Container Map
Container Resource
Performance Dashboards
Log Groups
Log Insights
Alarms
Automatic Performance Dashboard
Monitoring EKS using CloudWatch Container Insigths
Step-01: Introduction
What is CloudWatch?
What are CloudWatch Container Insights?
What is CloudWatch Agent and Fluentd?
CloudWatch: CloudWatch is a monitoring and observability service provided by Amazon Web Services (AWS). It collects and tracks various metrics, logs, and events from AWS resources and applications. CloudWatch allows you to gain insights into the performance, health, and availability of your AWS infrastructure and applications. It provides features like dashboards, alarms, logs, and automated actions to help you monitor, troubleshoot, and optimize your resources.

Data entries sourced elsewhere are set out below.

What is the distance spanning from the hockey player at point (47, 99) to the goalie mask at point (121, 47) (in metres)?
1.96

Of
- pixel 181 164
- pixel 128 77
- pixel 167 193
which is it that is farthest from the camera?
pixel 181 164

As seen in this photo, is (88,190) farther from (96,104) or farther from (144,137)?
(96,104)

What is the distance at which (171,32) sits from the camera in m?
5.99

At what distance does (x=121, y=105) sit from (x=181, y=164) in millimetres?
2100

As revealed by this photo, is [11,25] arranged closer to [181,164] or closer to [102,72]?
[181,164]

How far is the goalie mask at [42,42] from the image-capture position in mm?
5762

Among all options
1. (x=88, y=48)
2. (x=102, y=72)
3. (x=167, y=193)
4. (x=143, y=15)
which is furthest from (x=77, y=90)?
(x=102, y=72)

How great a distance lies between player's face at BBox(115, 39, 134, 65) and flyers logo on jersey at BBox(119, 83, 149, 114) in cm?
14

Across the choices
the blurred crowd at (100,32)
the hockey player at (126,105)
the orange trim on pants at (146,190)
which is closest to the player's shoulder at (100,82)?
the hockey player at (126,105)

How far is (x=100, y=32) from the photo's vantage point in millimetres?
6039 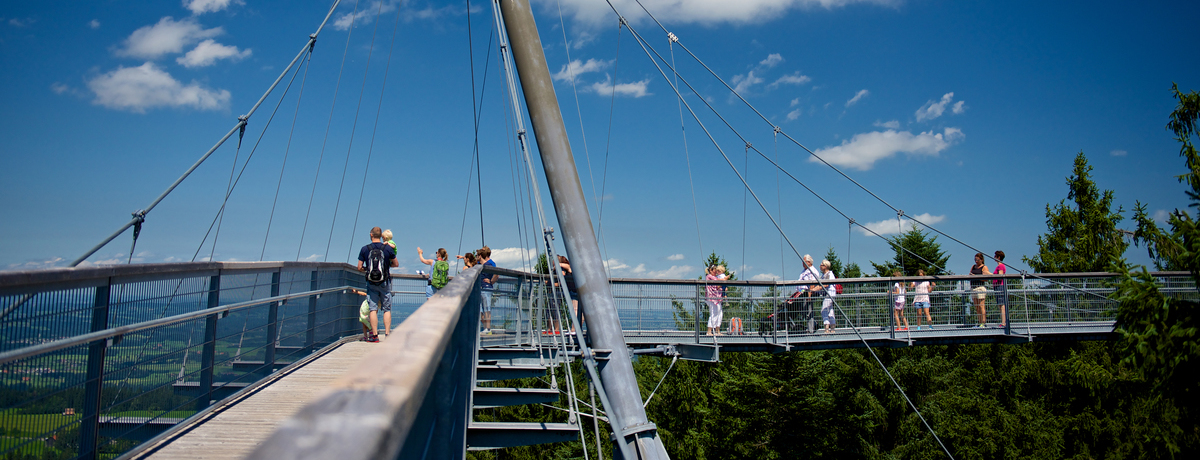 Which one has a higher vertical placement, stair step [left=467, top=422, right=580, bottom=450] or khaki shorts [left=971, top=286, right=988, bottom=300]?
khaki shorts [left=971, top=286, right=988, bottom=300]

CloudWatch Container Insights: CloudWatch Container Insights is a feature of CloudWatch that provides monitoring and analysis capabilities specifically designed for containerized environments. It helps you understand the performance and resource utilization of your containerized applications running on services like Amazon Elastic Container Service (ECS), Amazon Elastic Kubernetes Service (EKS), and Kubernetes clusters.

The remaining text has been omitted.